Ci sono importanti affinità tra me e lui. Ma questo basterà a vincere le sue inibizioni e la sua insicurezza?
Per non parlare poi di tutto il resto...
<<Sono d'accordo con te>> rispose e come a rimarcare i loro comuni gusti estetici, compì un atto di cui non c'era alcun bisogno, ma che entrambi giudicarono molto intimo, ossia gli sistemò il nodo della sua cravatta. Gliel'aveva visto in altre occasioni formali, ed sempre stata curiosa di sapere come si facesse: <<La tua cravatta è molto bella e il nodo è perfetto, l'hai inventato tu?>>
Questa volta Roberto riguadagnò fiducia in se stesso:
<<E' il nodo "Double Windsor" e pare che sia stato inventato dal re Edoardo VIII, successivamente noto come Duca di Windsor>>
Aurora conosceva la storia e la trovava molto interessante:
<<Rinunciò al trono per amore di una donna.
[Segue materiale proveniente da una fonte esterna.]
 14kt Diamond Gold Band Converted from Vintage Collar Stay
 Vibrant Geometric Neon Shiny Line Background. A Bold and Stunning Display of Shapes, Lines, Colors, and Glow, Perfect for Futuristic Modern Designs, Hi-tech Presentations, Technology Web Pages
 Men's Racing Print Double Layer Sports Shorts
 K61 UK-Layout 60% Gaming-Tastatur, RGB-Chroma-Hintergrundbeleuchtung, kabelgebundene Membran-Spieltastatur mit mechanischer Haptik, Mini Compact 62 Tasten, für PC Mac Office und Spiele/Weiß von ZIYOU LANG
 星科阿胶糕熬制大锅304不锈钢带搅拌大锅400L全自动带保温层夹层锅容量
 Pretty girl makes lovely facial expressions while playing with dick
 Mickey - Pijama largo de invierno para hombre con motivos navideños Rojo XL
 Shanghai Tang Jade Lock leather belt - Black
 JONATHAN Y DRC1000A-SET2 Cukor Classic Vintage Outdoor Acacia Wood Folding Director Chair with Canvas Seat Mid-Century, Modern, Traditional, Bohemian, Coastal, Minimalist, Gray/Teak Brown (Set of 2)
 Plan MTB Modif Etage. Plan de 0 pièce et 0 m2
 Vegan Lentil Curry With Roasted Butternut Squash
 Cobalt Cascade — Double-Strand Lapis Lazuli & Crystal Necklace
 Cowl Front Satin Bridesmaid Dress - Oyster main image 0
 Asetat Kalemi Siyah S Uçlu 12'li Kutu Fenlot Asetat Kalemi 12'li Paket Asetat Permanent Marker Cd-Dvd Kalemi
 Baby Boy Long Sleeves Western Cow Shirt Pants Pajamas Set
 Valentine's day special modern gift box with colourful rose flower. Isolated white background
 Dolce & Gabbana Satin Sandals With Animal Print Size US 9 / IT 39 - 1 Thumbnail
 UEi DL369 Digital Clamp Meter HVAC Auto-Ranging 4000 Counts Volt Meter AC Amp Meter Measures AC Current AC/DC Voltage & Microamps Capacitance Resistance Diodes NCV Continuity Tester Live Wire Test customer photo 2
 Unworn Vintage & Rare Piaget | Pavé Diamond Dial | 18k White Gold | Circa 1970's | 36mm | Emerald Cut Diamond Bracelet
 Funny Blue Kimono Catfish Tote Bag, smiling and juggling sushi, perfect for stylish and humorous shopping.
Non riesco ad immaginare un gesto più romantico>>
O più stupido, pensò Roberto dentro di sé, ma soltanto perché, a suo parere, innamoramento e stupidità spesso viaggiavano di pari passo. Un concetto simile a quello espresso da Fernando Pessoa, il grande poeta portogherese, secondo cui "tutte le lettere d'amore sono / ridicole / non sarebbero lettere d'amore se non fossero / ridicole // Anch'io ho scritto ai miei tempi lettere d'amore / come le altre / ridicole // Le lettere d'amore, se c'è l'amore / devono essere / ridicole // Ma dopotutto / solo coloro che non hanno mai scritto / lettere d'amore / sono / ridicoli // Magari fosse ancora il tempo in cui scrivevo / senza accorgermene / lettere d'amore / ridicole // La verità è che oggi / sono i miei ricordi / di quelle lettere / ad essere ridicoli "
Quando arrivarono al gruppo dei compagni di classe, trovarono gli altri due componenti del Triangolo delle Bermuda, Ludovico Corzani e Daniele Destri a cui si era aggiunto Carlo Boboli, il nuovo favorito di Roberto. I tre ascoltavano il figlio minore dell'immobiliarista Colli, Marco, che si lamentava del fatto che i fenicotteri rosa che sua madre aveva comprato per metterli nel laghetto del loro parco erano morti tutti in breve tempo.
Improvvisamente gli sembrò che i suoi amici fossero rimasti fermi ai tempi delle medie, mentre in quel momento incominciava, se ci si perdona il gioco di parole, "il tempo delle mele".